_EXERCISE REQUIREMENTS_:
Below is a block of entries; repeat exactly the lines starting at the line that contains "Immunofluorescent analysis of" and ending at the line that contains "physical exam Newborn", both included.

_PROVIDED RECORDS_:
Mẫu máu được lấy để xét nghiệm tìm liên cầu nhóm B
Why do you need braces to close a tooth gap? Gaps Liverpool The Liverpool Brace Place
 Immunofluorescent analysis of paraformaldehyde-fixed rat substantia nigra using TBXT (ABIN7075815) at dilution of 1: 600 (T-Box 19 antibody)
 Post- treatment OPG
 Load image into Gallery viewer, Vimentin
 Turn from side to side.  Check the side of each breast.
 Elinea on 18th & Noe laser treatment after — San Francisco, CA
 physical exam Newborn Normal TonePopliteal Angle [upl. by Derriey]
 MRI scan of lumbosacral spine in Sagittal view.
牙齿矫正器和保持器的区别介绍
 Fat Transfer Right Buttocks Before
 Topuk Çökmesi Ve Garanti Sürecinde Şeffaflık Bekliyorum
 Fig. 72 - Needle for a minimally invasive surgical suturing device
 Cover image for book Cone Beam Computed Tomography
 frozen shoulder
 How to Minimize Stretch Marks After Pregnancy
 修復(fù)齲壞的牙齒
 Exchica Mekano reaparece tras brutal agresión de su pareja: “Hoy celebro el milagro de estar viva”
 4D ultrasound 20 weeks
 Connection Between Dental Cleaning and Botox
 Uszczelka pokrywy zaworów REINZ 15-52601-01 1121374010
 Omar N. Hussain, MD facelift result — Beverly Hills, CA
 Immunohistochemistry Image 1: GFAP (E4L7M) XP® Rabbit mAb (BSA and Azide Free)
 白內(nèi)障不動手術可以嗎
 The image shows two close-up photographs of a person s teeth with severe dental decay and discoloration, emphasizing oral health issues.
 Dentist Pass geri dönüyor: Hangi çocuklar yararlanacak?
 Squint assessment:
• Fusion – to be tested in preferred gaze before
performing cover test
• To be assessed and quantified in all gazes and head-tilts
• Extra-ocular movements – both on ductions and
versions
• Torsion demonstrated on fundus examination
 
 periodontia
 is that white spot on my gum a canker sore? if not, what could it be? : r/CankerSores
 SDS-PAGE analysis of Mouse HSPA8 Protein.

_REPLY_:
 Immunofluorescent analysis of paraformaldehyde-fixed rat substantia nigra using TBXT (ABIN7075815) at dilution of 1: 600 (T-Box 19 antibody)
 Post- treatment OPG
 Load image into Gallery viewer, Vimentin
 Turn from side to side.  Check the side of each breast.
 Elinea on 18th & Noe laser treatment after — San Francisco, CA
 physical exam Newborn Normal TonePopliteal Angle [upl. by Derriey]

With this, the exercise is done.